Treasure comes from the Greek word thesauros—which is also the root word for thesaurus.
Christmas is still weeks away (thankfully), but a dear friend has already given me a precious gift.
She’s about to move into a new house and is sorting through her belongings to separate trash from treasure. When we met for brunch this Sunday, she brought me one of those treasures.
What I received was a 9x12 envelope addressed to my friend in my handwriting. She pointed out the date stamp of June 3, 1985. Amazing to realize, that was half my life ago. Inside the nearly quarter-of-a-century envelope were four of my short stories and the opening chapter of a novel that I can’t even remember now if I ever finished.
I quickly flipped through the yellowing manuscripts, skimming the title pages, two of which I didn’t even remember. Brown rust stains surrounded the old paper clips. Corrections and additions were added by hand. There were also several different typefaces, indicating the various typewriters I had used to write the stories. (You know, back in the old days when we didn’t have computers on wireless, pocket-sized phones.)
The package also contained a hand-written letter on yellow legal paper—my favorite stationery at that time. Now anyone who’s ever tried to read a hand-written note from me knows how long it takes to decipher. So I put the package aside to examine later and went out to have a fabulous day of communing with many of my favorite people.
It wasn’t until later that night that I realized how special this time capsule really was.
The letter I wrote to accompany the birthday package of manuscripts was penned just hours before probably the most dramatic, life-changing day of my existence. My words chronicled what I was feeling right before this seismic shift.
The events leading up to the letter began in mid-March of that year.

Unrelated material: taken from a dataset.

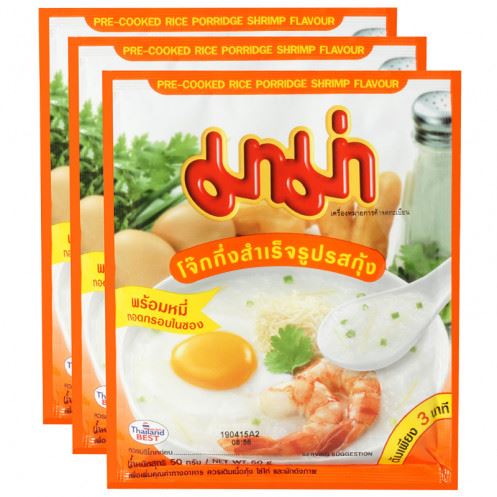 三餐都在这解决!2019年泰国便利商店必试新品!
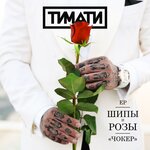 Обложка трека Чокер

I went to San Francisco to visit my friends and scheduled a few interviews with ad agency creative directors while I was there. The first three interviewers saw my potential, but suggested I get more experience. The fourth one offered me freelance work, but I didn’t have the nerve to move across country without the promise of a steady job.

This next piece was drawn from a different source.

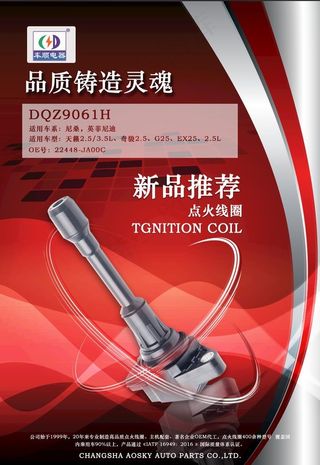 汽车零配件海报图片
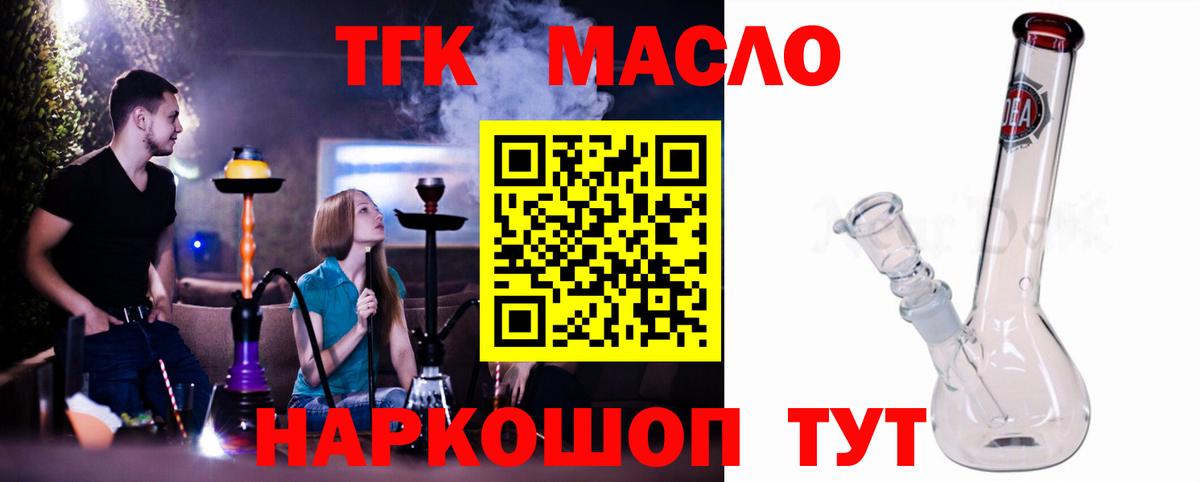 Дистиллят ТГК концентрат  Вход с VPN  Дистиллят ТГК жижа  Ставрополь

So I went back to Ohio and found another job that would broaden my work horizons. The day I sent in my acceptance letter (how quaint that sounds now), I got a call from the fourth creative director. He was checking to see if I was still interested in a job in SF and if so, could I possibly fly out to interview with the big boss. Ummm, yes and yes. One tiny sticking point, however, and I went on to explain about my other offer and how I didn’t want to string along this perfectly nice company. We finished our conversation that Friday with his promise to see what could be done to accelerate my hiring.
Early that Sunday evening—apparently just moments before I started writing the letter—my potential boss from the Columbus job called to ask if I would mind if my first week of work consisted of flying to New York City to observe a TV commercial being shot for the company. Ummm, no, I had no problem with that.

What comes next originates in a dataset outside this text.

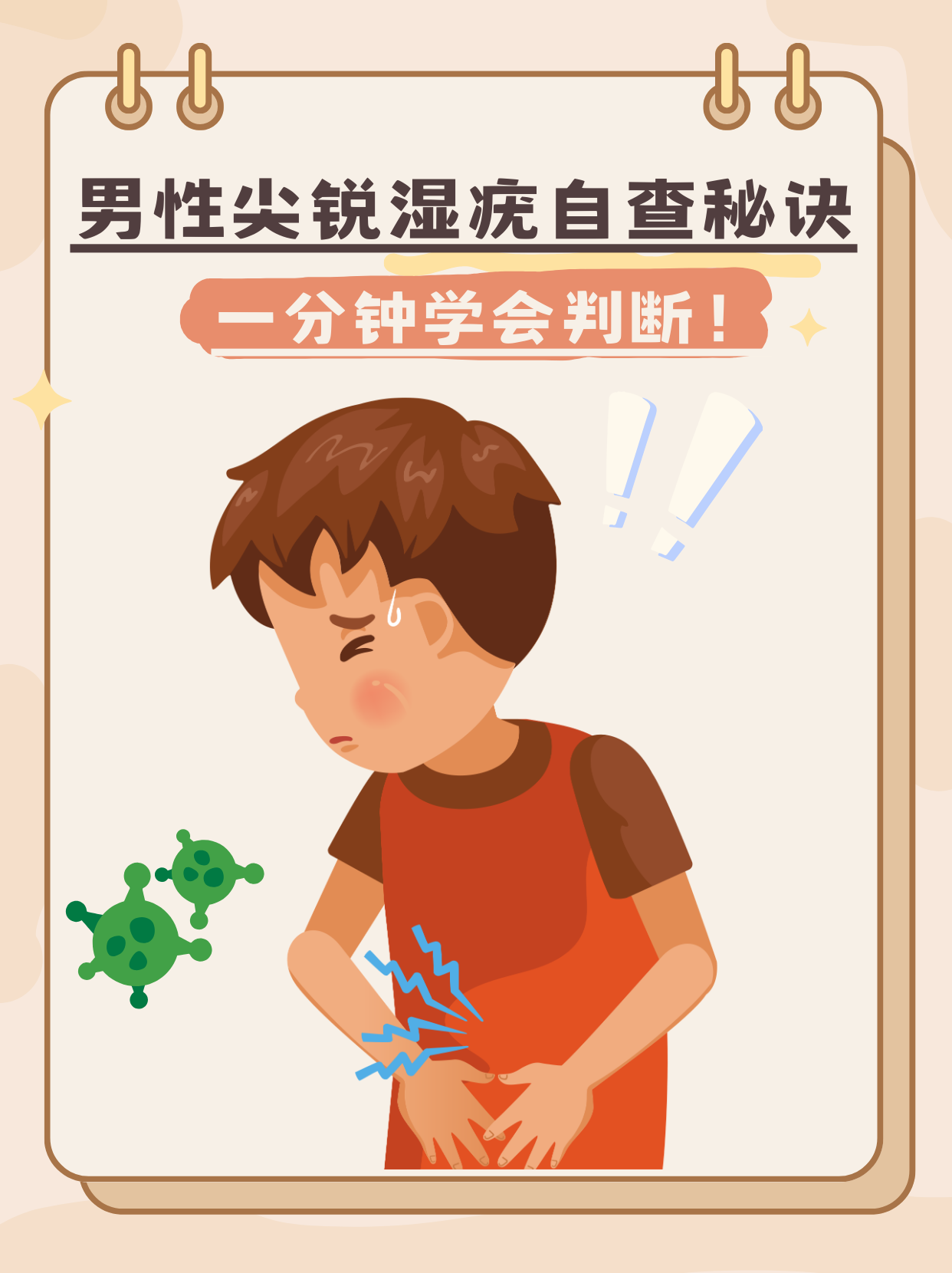 国际视野 第12页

So that’s where things stood when I wrote to my friend. I’m guessing that I mailed the package during lunch the next day, which forever preserved the date for me. By that evening, the news the letter contained was already out of date.
When I returned home from the job I was about to leave no matter which suitor I chose, I got a call from San Francisco. My thundering heartbeat made it hard to hear the voice saying that there was no need to fly me out for another interview. Could I just start in two weeks?
There are not enough words in the thesaurus to describe the thrill—and the power—that I felt in that moment. It was an exhilarating rush of “I did it!” joy.
Touching this golden relic of my personal history transports me back to that period of triumph. More importantly, it reminds me of how much I want to create my next “I did it!” moment.
So my deepest thanks to my friend for this incomparable gift. Or should that be unrivaled gift? Unparalleled? Unique? Without equal?
Well, whatever the thesaurus says, it’s treasure to me.